Un objetivo zoom es un indispensable en nuestro arsenal fotográfico. Aunque siempre habrá quien diga que la calidad de imagen de estos objetivos no se puede comparar con el de las ópticas fijas (y, en parte, no le faltará razón), lo cierto también es que la calidad de muchos es estupenda y que, a menos que estemos sacando fotos en un entorno profesional exigente, las ventajas que ofrecen superan con mucho a las desventajas.

Versatilidad, comodidad y durabilidad

La versatilidad de un objetivo zoom es simplemente insuperable. En un viaje, rara vez podremos cambiar de objetivo constantemente para adaptarnos a diferentes situaciones, mientras que un objetivo zoom será capaz de cubrirlas prácticamente todas, desde paisajes y retratos hasta foto callejera o gastronómica.

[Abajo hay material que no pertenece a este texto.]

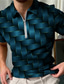 voordelige 3D-ritspolo-Voor heren POLO Shirt Golfshirt Polo met rits Grafische prints Geometrie Strijkijzer Zwart Wijn Marineblauw blauw Groen Buiten Straat Korte Mouw Vetoketju Afdrukken Kleding Modieus Ontwerper Casual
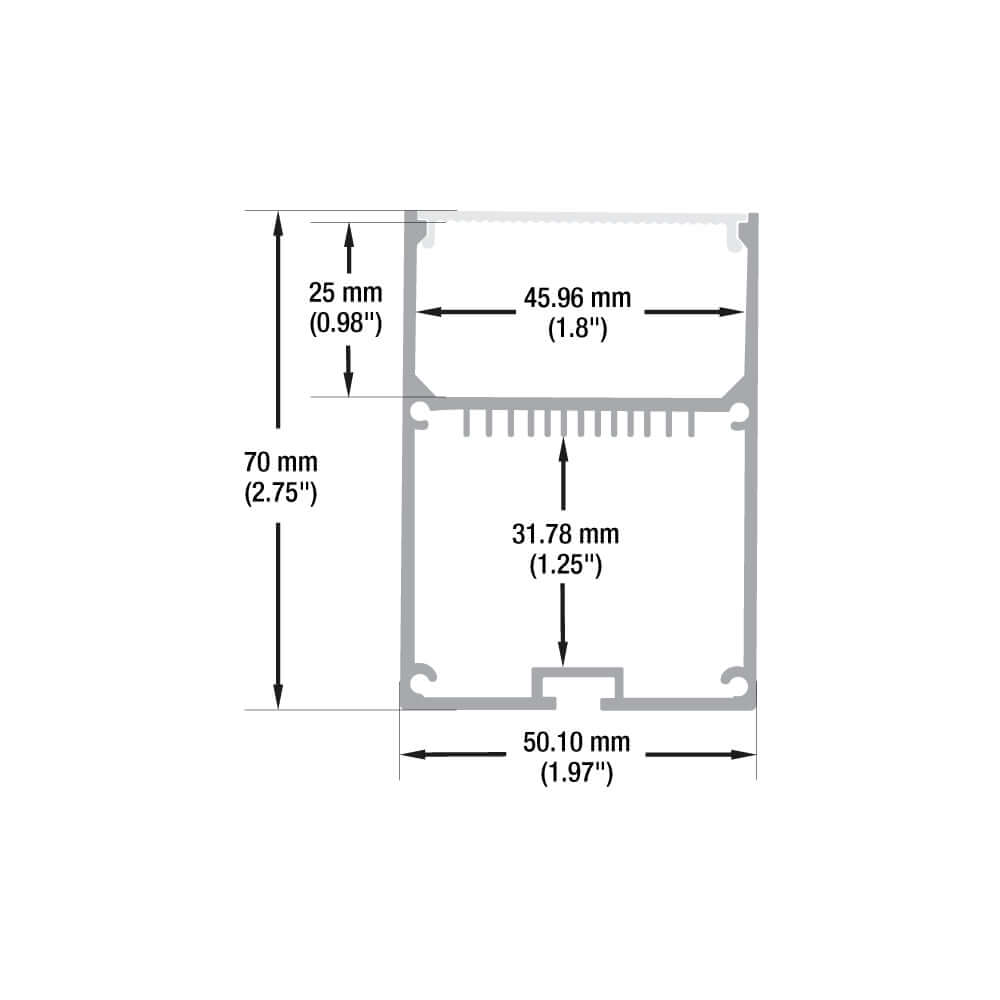 666561423438 - Linear Aluminum LED Channel 2M with Internal Driver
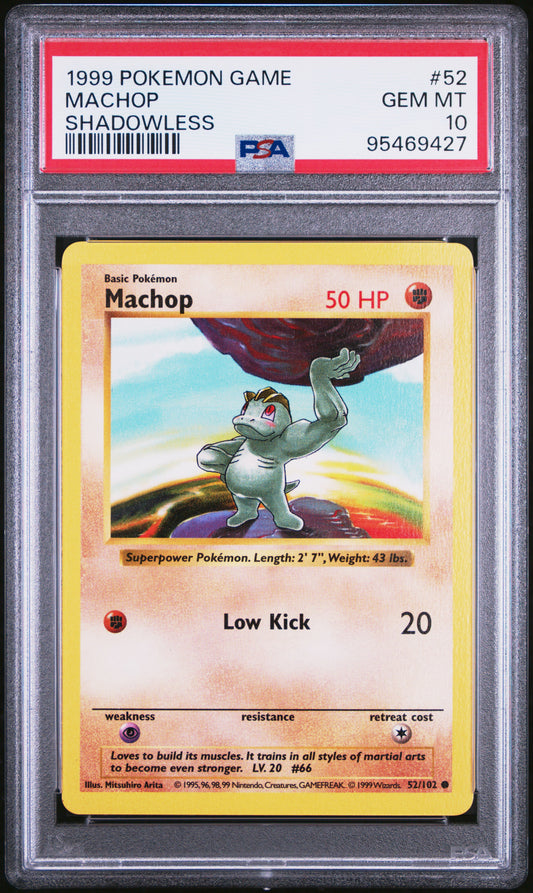1999 POKEMON GAME #52 MACHOP - PSA GEM MT 10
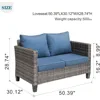 Patio Sofa All Weather Outdoor Furniture Loveseat Couch High Back Wicker Rattan Loveseat Couch for Yard Backyard Porch 2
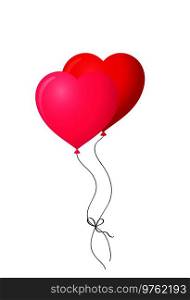 Ruby red and vibrant pink pair of realistic heart shaped helium balloons isolated on white background. Vector illustration, clip art.. red and pink pair of realistic heart shaped helium balloons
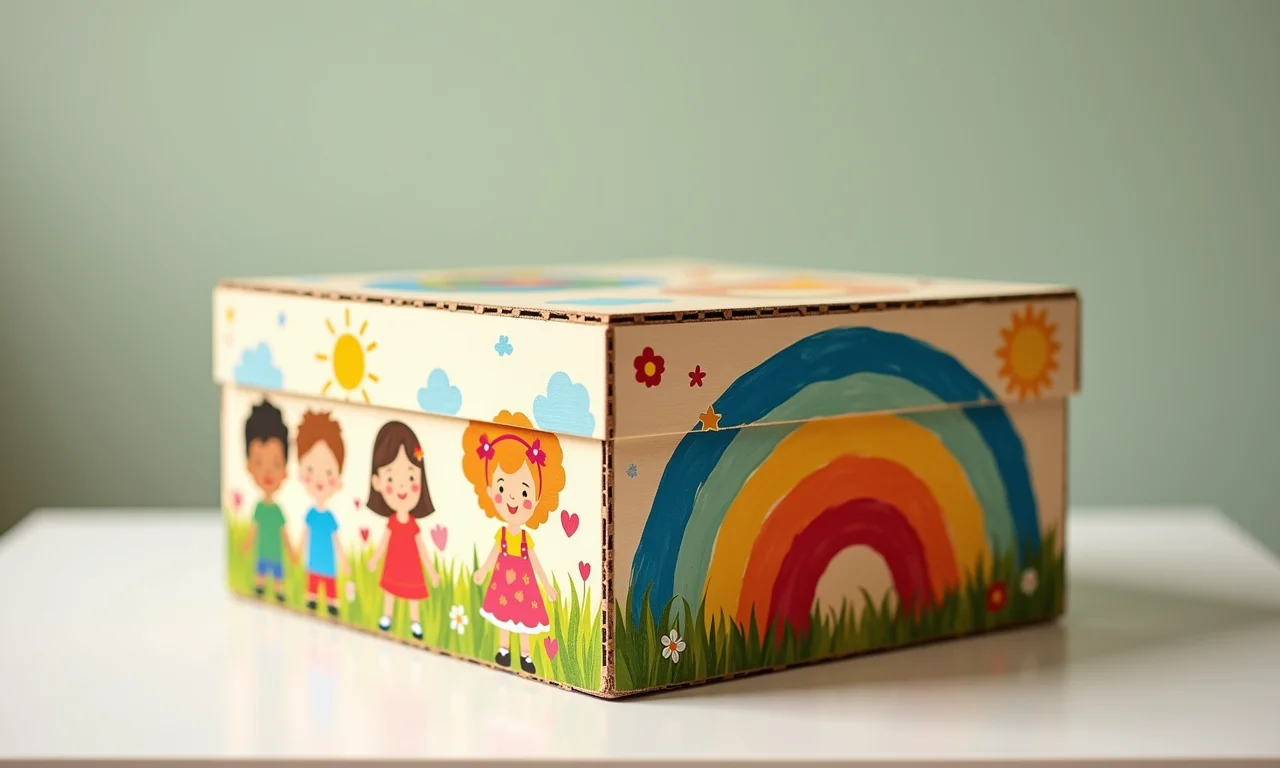 Caixa infantil em MDF com temas lúdicos.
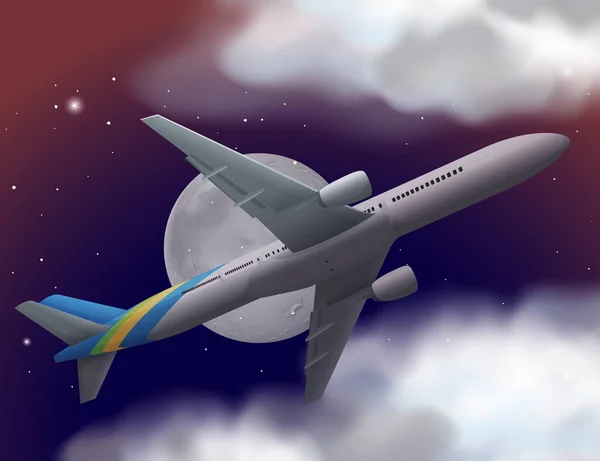 Letadlo letící na obloze v noci — Stockový vektor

Junto con esa comodidad y versatilidad, el sellado aporta un valor inestimable en escenarios reales. Cuando viajamos visitamos entornos diversos y, a menudo, impredecibles: playas arenosas, bosques húmedos, ciudades polvorientas, caminos encharcados… Un objetivo preparado para todas esas situaciones nos asegura (hasta cierto punto, claro está, sellado no significa invulnerable a todo) que nuestro equipo fotográfico no caerá víctima de los elementos ni que unas motas de polvo en el sensor o unas manchas de humedad en el interior del objetivo arruinarán nuestras fotos.

¿En qué queda la calidad de imagen cuando el sensor se llena de motas de polvo y una mancha de humedad genera una sombra en el centro de nuestra fotografía?

La durabilidad es otro factor clave. Los objetivos sellados están diseñados para soportar condiciones adversas, lo que los hace menos susceptibles a daños, prolonga su vida útil y, cuando estamos por ahí, nos proporciona la tranquilidad mental de saber que nuestro equipo está protegido. Además, el sellado no solo ampara el objetivo, sino que también cuida del rendimiento general del equipo. Los sistemas de enfoque automático, por ejemplo, pueden funcionar de manera más precisa y rápida cuando no están obstruidos por partículas de polvo o agua.

En resumen, aunque un objetivo zoom (y en lo que concierne a este artículo, también sellado) puede no ofrecer la calidad de imagen de uno fijo, su versatilidad, durabilidad y resistencia a los elementos lo convierten en la mejor opción cuando viajamos. A fin de cuentas, para muchos, poder tomar fotografías en casi todas las situaciones con comodidad vale más que cierta diferencia marginal en la calidad de imagen.